Speaking of Another Language…
There is ample evidence that in a bilingual’s brain both language systems are active even when he is using only one language, thus creating situations in which one system obstructs the other.”
When last we spoke –well, I typed; you read– I mentioned that practicing languages helps me relive experiences, preserve memories, respect heritage, and represent places close to my heart. But what happens when a brain sends its English department on linguistic shutdown, and kicks the foreign language department into overdrive? Read on.
After coming back from a three-week whirlwind through Spain, Portugal, and Morocco, my brain is slow to switch back to English. How is it so reluctant after a mere three weeks? At the airport too, of all places.
Immigration Officer: Business or pleasure? [Flips through my passport]
Me: [Paralyzed and unresponsive]
My Brain: The nice lady is asking you a question, Carolina.
Immigration Officer: [Holds passport photo page up, level with my face, to make sure it’s me] Were you traveling for business or pleasure?
My Brain: Hola, la entiendes? You’ve answered this question a hundred times. Agora, não fala Inglês?
Me to My Brain: Omg omg I can’t voice a reponse!
My Brain: You can do this. Answer her!
Immigration Officer: Ma’am, the purpose of your trip?
Me: Busin– umm….
My Brain: Wrong answer! Get it together, Caroline. What’s English for vacaciones?
Immigration Officer: Vacation?
Me: Yes!! [Sigh of relief]
Immigration Officer: Welcome home.
With that, the sympathetic airport official lets me through. As I search for the appropriate baggage carousel, I can’t help but laugh at myself. Well, that’s a first.
After coming back from an Italian trip, part of which was spent on an archeological excavation in a sleepy little town that doesn’t speak much English, my burgeoning Italian seeps through in the workplace.
Wendy: Good morning!
Me: Buongior– ma guarda che bella!
Me: You’re dolled up. Hot date tonight?
Me: Ammazza. Di nuovo!?
Wendy: Umm, hi, you’re speaking in Italian again. We speak English here, remember?
In the Philippines, while on sabbatical. On a call with an American friend, this is the most continuous English I’ve spoken in a month, and there’s not much I can do about the language delay.
Zack: Can I point out how ironic it is that a native English speaker is struggling to speak English?
Me: Yes, I know!
Zack: I mean, you have an English degree.
Me: Ha! I know.
Zack: An honors English degree.
Me: Ok, salamat. I know.
Perhaps my English skills are simply running on Pinoy Time, i.e. always late.
I realized this morning that, out of the past 12 months, I’ve been away from home at least half the time. This is not common for me at all, even when I was frequently traveling for business. And when I appeared at work today, one of the engineers jumped and exclaimed “You’re home!”
Well, I’m here. At present, however, I can’t say with certainty that I know where home is anymore.
Because part of my job involves managing localized assets (e.g. the French website, a German whitepaper here, a Japanese slide deck there), exposure to other languages is inevitable on many a day.
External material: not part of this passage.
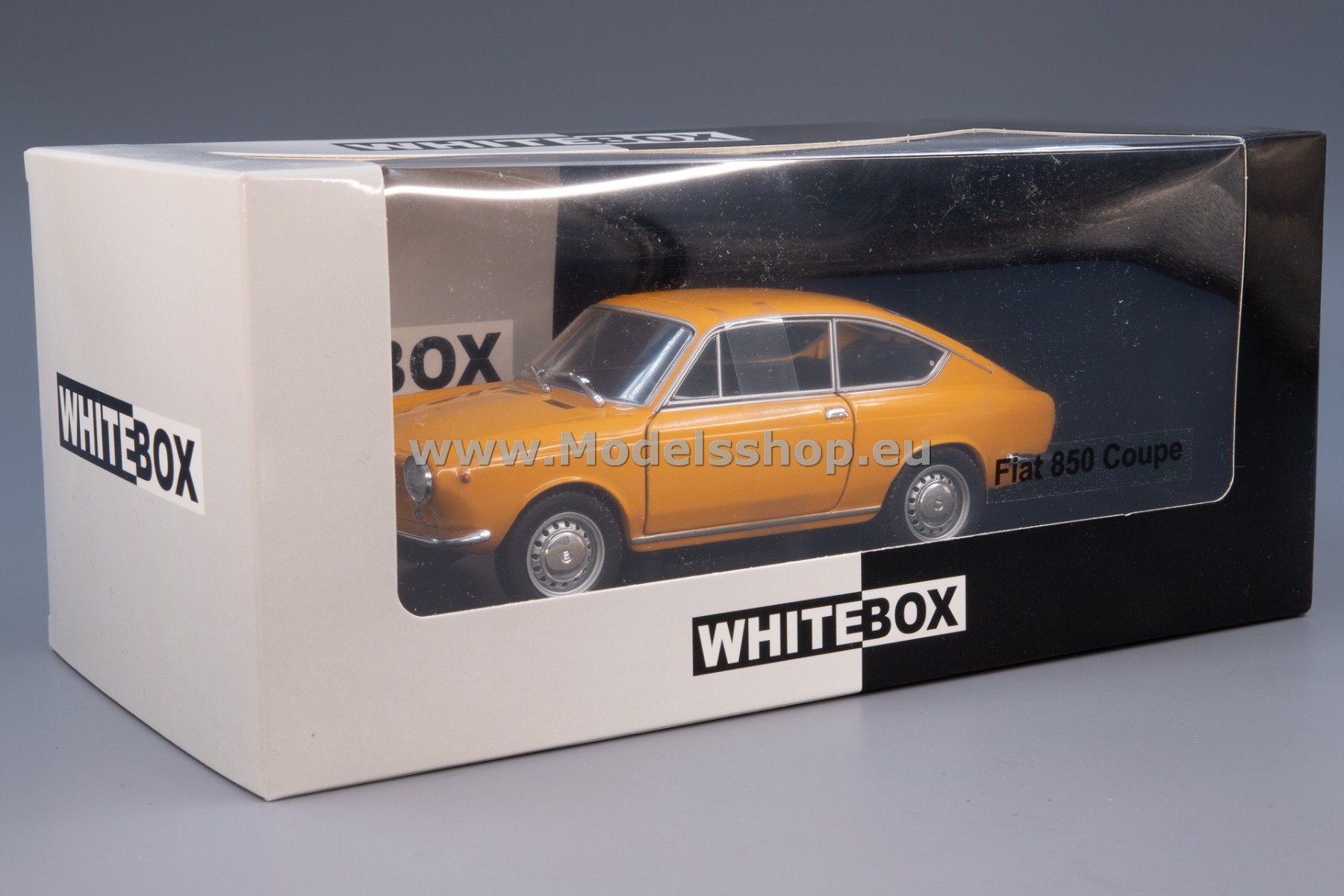 WhiteBox WB124168-O Fiat 850 Coupe, 1965 /dark yellow/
Compound that with the fact that I’m trying to learn way too many languages at once, and my brain is a puddle of language soup. The English swims around in there. Sometimes, it comes out impressing even me; lately though, it seems my English speech has trouble bringing its A game. I’m not sure if it’s due to the languages swimming in my head or if it’s due to stress. Maybe lack of sleep? Maybe all of the above.
Let’s rewind to 2003. While exploring potential college degrees, I’d briefly settled on Anthropological Linguistics. Alhough I was fascinated by the way culture affects communication styles, I also realized that the evolution of morphology and syntax was far less exciting than transcribing and reciting “The Canterbury Tales” in a rare Middle English class (which, by the way, I quite –nerdily– enjoyed).
Fast forward to today: While I do like being part of the polyglot club (and, dare I say it, I aspire to be part of the even more exclusive hyperpolyglot circle), I sometimes wonder if my enthusiasm for languages is sheer passion for language itself…or if my language learning is a mere component in the pursuit of something more. Could my affinity for languages actually be the bridge I’m using to acquaint myself with other cultures? Possibly. Does that detract at all from my language learning? Not in the least bit.